En lugar de esperar como habían hecho hasta entonces en sus batallas contra los cimbrios, los romanos cruzaron el Po y marcharon al encuentro de su enemigo. Para entonces, los invasores se encontraban en la parte occidental del valle del Po, muy alejados de la zona por la que habían penetrado en Italia. De nuevo, los historiadores han hecho todo tipo de especulaciones: que regresaban a Galia, que habían ido consumiendo todos los recursos a su paso como una plaga de langostas, que aguardaban todavía la llegada de sus aliados teutones o que no habían entrado en Italia por el paso de Brennero sino por el de San Bernardo, más al oeste.

En cualquier caso, allí estaban los cimbrios, en las inmediaciones de Vercelas, una ciudad a media distancia entre las actuales Turín y Milán. Romanos y bárbaros intercambiaron emisarios. Los germanos pidieron de nuevo tierras para establecerse, probablemente las mismas del valle del Po que ocupaban en aquel momento y en las que su invasión debía de haber producido un éxodo masivo.

Mario les ofreció la misma tierra que les había dado a los teutones —una tierra que sería suya para toda la eternidad, añadió sarcástico—. Para demostrar a los cimbrios que había derrotado a sus aliados les mostró a varios de sus caciques, a los que sus hombres traían encadenados. Pese a lo lento de las comunicaciones, resulta extraño que los cimbrios no se hubieran enterado todavía de la derrota de sus aliados.

Tras estas breves y fallidas negociaciones, el caudillo Boyórix desafió a Mario a escoger lugar y día para la batalla, y el cónsul aceptó. La fecha acordada fue el 30 de julio del año 101, tres días después de la entrevista, en una amplia llanura.

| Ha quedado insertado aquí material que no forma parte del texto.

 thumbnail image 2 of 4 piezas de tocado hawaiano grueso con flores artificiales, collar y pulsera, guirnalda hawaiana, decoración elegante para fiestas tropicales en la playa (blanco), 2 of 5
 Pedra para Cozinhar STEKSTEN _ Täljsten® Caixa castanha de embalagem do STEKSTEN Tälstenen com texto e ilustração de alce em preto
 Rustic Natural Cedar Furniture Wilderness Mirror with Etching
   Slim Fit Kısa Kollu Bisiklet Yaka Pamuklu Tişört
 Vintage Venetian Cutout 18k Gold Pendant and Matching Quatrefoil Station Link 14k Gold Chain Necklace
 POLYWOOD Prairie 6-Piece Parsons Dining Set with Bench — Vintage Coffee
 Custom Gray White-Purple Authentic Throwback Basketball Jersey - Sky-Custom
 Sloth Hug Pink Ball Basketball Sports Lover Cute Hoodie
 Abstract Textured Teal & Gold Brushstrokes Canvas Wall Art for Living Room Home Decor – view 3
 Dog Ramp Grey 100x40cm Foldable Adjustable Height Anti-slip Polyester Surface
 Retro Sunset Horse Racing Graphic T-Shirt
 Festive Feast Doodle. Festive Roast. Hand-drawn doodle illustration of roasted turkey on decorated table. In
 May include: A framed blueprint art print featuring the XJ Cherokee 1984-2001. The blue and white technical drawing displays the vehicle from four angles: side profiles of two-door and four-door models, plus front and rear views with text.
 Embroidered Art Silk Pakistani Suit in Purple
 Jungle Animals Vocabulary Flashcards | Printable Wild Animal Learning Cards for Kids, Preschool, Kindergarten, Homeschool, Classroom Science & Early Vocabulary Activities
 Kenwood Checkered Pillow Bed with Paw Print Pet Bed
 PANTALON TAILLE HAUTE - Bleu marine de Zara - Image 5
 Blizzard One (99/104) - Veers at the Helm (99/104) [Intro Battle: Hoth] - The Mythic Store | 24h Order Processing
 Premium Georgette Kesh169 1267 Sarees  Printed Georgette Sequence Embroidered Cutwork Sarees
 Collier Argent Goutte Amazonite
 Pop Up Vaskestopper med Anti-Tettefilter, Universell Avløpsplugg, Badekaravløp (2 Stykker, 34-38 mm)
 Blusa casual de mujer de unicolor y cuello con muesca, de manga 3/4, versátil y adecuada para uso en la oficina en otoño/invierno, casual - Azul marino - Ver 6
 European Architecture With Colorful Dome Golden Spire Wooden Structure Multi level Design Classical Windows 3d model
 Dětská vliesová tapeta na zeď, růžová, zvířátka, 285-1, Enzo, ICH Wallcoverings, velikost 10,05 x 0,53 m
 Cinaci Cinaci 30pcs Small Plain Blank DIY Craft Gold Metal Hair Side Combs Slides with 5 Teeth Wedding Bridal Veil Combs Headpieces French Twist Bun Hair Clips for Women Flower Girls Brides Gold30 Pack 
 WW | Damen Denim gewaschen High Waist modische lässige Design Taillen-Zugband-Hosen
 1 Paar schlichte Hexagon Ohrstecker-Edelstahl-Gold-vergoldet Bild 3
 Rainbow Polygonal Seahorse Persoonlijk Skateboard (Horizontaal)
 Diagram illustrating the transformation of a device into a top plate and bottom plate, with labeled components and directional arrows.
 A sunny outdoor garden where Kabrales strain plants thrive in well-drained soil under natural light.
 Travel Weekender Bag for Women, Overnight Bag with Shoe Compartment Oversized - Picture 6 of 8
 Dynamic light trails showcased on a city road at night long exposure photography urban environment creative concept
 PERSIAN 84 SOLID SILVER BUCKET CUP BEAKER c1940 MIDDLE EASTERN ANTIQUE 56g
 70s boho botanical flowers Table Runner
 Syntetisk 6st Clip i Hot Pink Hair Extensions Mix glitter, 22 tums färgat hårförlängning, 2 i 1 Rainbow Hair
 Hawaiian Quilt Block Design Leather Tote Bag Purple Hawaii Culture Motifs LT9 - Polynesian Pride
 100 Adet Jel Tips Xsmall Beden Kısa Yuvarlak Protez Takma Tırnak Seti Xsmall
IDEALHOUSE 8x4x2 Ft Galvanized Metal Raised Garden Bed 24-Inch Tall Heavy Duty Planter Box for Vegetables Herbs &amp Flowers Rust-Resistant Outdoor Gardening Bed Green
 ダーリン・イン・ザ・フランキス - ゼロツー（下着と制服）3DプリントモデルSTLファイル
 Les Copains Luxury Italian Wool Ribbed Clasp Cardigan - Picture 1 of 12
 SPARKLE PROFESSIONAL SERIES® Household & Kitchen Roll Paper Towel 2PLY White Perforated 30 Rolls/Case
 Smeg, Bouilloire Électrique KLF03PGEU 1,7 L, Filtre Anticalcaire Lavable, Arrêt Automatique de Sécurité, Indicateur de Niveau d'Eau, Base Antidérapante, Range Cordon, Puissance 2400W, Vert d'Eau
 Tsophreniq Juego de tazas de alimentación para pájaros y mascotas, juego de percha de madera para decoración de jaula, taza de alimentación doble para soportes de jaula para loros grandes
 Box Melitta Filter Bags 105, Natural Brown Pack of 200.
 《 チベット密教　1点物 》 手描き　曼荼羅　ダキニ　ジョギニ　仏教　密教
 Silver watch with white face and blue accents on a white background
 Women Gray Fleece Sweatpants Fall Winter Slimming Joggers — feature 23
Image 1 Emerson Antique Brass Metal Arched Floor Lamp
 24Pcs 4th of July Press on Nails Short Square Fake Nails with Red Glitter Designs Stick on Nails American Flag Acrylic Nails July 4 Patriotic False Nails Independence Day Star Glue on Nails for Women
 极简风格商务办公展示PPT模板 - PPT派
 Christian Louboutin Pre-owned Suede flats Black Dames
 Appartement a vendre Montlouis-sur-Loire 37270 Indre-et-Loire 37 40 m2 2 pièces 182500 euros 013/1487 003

Al alba del día elegido, Mario hizo a Catulo desplegar a sus veinte mil hombres en el centro. Él dividió a sus legiones y las repartió en las dos alas, con caballería a ambos lados y tomando para sí el mando del flanco derecho. En cuanto a Sila, formaba en el centro con las tropas de Catulo. En sus memorias, Sila narró esta batalla a su manera; su afán de minimizar el mérito de su enemigo Mario hizo que la versión de los hechos que le llegó a Plutarco fuera bastante tendenciosa, por lo que para entender mínimamente lo que pasó hay que complementar el relato de Plutarco con otros autores como Orosio o Floro.

Era temprano y había bancos de niebla a ras del suelo, lo que no permitía contemplar el campo de batalla en toda su extensión ni el ejército enemigo en toda su magnitud. Aquello beneficiaba psicológicamente a los romanos, que tan solo veían a los bárbaros que tenían frente a sí.

Como antes de cada batalla, se llevaron a cabo sacrificios. Mario prometió una hecatombe a los dioses y, cuando le mostraron el hígado de las víctimas sacrificadas en los auspicios, alzó las manos al cielo y exclamó con voz potente: «¡La victoria es mía!».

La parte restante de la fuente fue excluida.